長崎空港利用促進

 長崎県の中央部・大村市にある「長崎空港」。1975年に「世界初の海上空港」として開港した。現在、日本には海上空港が、長崎以外に6空港(関西国際、中部国際、神戸、北九州、羽田、大分)あるが、長崎以外は全て埋め立てて人口的に造られた空港だ。

長崎空港全景

 

長崎空港は、大村湾に浮かぶ箕島(みしま)を造成した空港で本土と箕島大橋(全長970m)を繋いで往来する空港になる。

 1990年の9月には、「長崎旅博覧会」(通称:旅博)が開催された際、フランスの超音速旅客機「コンコルド」が飛来した日本でも奇跡的な空港だ。
ただ、この長崎空港が”奇跡の空港”から”遺跡の空港”になりつつある。

 県内の地理的条件としては、中央部に位置する為、長崎市や島原市がある県南地域や佐世保市がある県北地域にからもアクセスは問題ない。
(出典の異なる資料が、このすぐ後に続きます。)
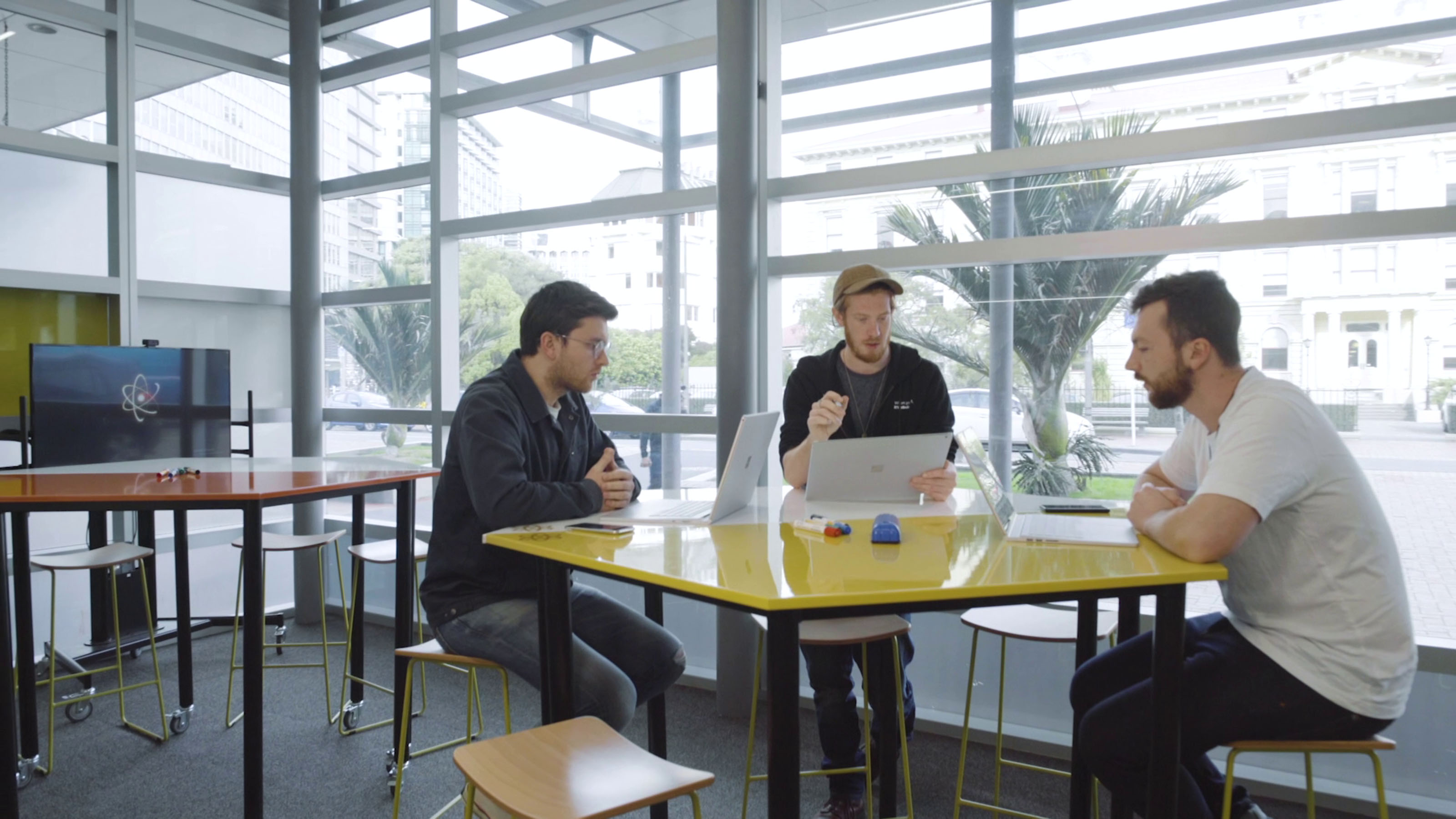 Jarrod Mosen, Ciaran Jack, and Michael Watson from StudySpy working in The Atom Innovation space.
駐車場も空港前や箕島大橋の本土側付近に駐車場があり、空港利用者は無料送迎バスが利用出来る。

 又、公共交通機関も整備されており、各地域へのリムジンバスやタクシー、更に海上空港ならではの海上タクシーまである。

 国内に目を向けると東京羽田線の利用率は、全国の空港でもトップ10に入るくらいの利用率を誇っており、私も度々利用しているが、中々の搭乗者がいる。

 又、最近LCC(格安航空会社)のジェットスターが参入し成田航路向けを開設した事で格安で関東方面や海外に繋がる国際空港へのアクセスが整いつつある。このジェットスターの前には、同じくLCCのピーチが関西国際空港向け、スカイマークが神戸空港経由羽田空港向けを開設している為、関西向けも含め相互間の利用には大変便利だ。

 更に鎖国時代に唯一開かれていた長崎は海外へ直接行けるようにする為に中国と韓国への航路を開設している。奇しくも韓国便に関しては、現在の世情もあり、運休や廃止されたものもある。韓国への再生はまだ厳しい状況だ。

 だが、中国便に関しては、香港と上海向けがあり、搭乗率は70%以上とまずまず出しているようだ。だがこの航路、ビジネスマンには認知あれど、一般の県民には殆ど認知されていない。この航路が現在存続の危機にあるとの噂もある。搭乗率が高いのに何故だろう?

 香港へは「香港エクスプレス航空」、上海へは「中国東方航空」を利用する。最近まで香港では大規模なデモが発生していた為、一時的に減少している事は理解出来るが、航路が開設されている事自体の認知度が低い為、長崎県民もあまりピンときていない。言うなればアピール不足だ。

 ツアー価格を見ていても、香港向けで3日間で39,800円から。上海向けに関しては、24,800円からある。魅力的だと思う。

香港の夜景

上海沿岸

 長崎県の一部の方は、IR(カジノを含む統合型リゾート施設)にしか長崎発展の活路が無いように思っているが、(IR問題IR問題その2)インバウンド効果と同じ様にアウトバウンド効果も狙ってもっと宣伝して欲しい。

 最後に一言。昔何度も挑戦したが、上海航路のフェリーも存在した。あの時は時代を先取りし過ぎたのであろうが、現在、ほぼ中国人が乗船している大型客船が長崎に来航している事を考えるとチャンスとも言えないか?